State v. Chunn

REINHARD, Judge.

Defendant appeals after his conviction by a jury of the offense of armed criminal action in violation of § 571.015, RSMo. 1978. The jury assessed punishment of 15 years’ imprisonment, and the court sentenced defendant to that term.

*830On the evening of August 14, 1979, the night manager of a supermarket was in the back room sorting through the day’s receipts when he heard a knock at the door. He unlocked and opened the door, and a man wearing a ski mask and holding a gun forced his way into the room. The two scuffled over the gun, and the manager gained control of the weapon and held the defendant in custody until the police arrived. When the police arrived, one officer removed the would-be robber’s mask. The manager identified defendant in court as the man who had attempted the robbery. The manager also testified that defendant had previously worked as a security guard at the market for a few days.

The arresting officer identified defendant as the man he arrested at the market. He also testified that he had examined and tested the weapon defendant had used in the robbery attempt and had found it to be loaded and operable. The officer further testified that the gun, a .22 caliber revolver, could cause a serious wound because the bullet it uses has “a tendency to ricochet off of anything it might hit, such as bones or walls.”

During the trial, a security guard accompanied the defendant in and out of the courtroom. During defendant’s testimony, at the court’s nonverbal direction, the guard stood in front of a door located eight feet behind the witness stand.

In his first two points, defendant contends the trial court erred in admitting the police officer’s testimony that the gun was operable and loaded and that it could cause a serious wound. He contends that this evidence was not relevant to any issue in the case and was inflammatory and prejudicial. We disagree.

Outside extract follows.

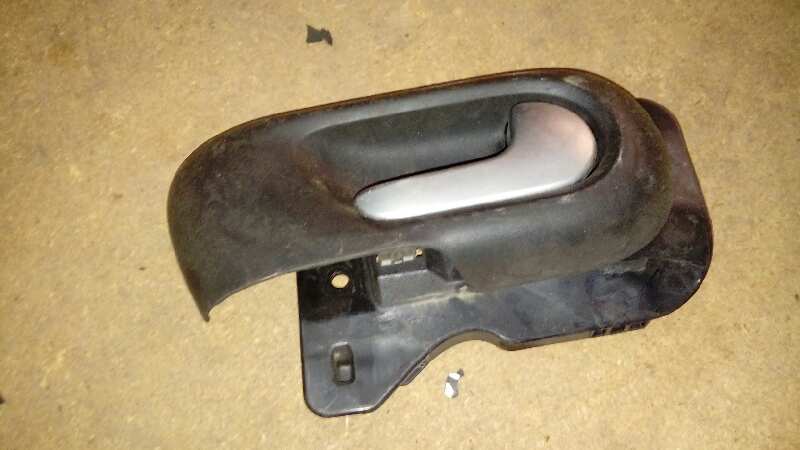 MANETA INTERIOR DELANTERA DERECHA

Proof of the use of a gun in the commission of a felony is evidence sufficient to support a conviction of armed criminal action. A gun is considered a deadly weapon regardless of the type of wound it can cause or whether it is loaded or operable. State v. Tilley, 569 S.W.2d 346, 348 (Mo.App.1978). Therefore, that the gun was loaded, operable, and capable of causing a serious wound was not an element of that offense. However, evidence of those facts was relevant and, therefore, admissible.1

Further we find that the police officer’s testimony that the gun could cause a serious wound was not of the same ilk as that which caused us to reverse the conviction in State v. Campbell, 507 S.W.2d 431 (Mo.App.1974). The defendant in that case was charged with exhibiting a deadly weapon, a shotgun, in a rude, angry, and threatening manner. A police officer testified that the chest of a person wounded by a shotgun would look like “a garbage can full of liver.” Id. at 433. We found that “vivid and emotionally charged language” was inflammatory and prejudicial, and we reversed the conviction. Id. Here, the challenged testimony was objective, straightforward, and not prejudicial.

In his third point, defendant contends the trial court erred in denying his motion for a mistrial based on the security guard’s escorting him in and out of the courtroom and the guard’s standing in front of the door while defendant was on the witness stand. The record reveals that these same security measures are taken in every criminal case heard in this courtroom when the defendant is confined. The defendant here was not dressed in prison clothes, nor was there any other suggestion *831that he was confined. The officer was not in uniform. That there is a door located so near the witness stand is a matter beyond the control of the judge. We find no error here.

Affirmed.

STEWART, C.J., and CRIST, J., concur.

. We recognize that this determination is contrary to our holding in State v. Long, 532 S.W.2d 814, 820 (Mo.App.1975). In that case, we said evidence that a gun was loaded and operable was not relevant to the offense of robbery by means of a deadly weapon, but we. also held that the evidence was not prejudicial. In Long, the jury did not assess punishment because the defendant was tried as a repeat offender. We believe that in a case like the one now before us, a defendant should be permitted to show his gun was not loaded, operable, or capable of causing serious injury and that the state should be permitted, if able, to show the contrary.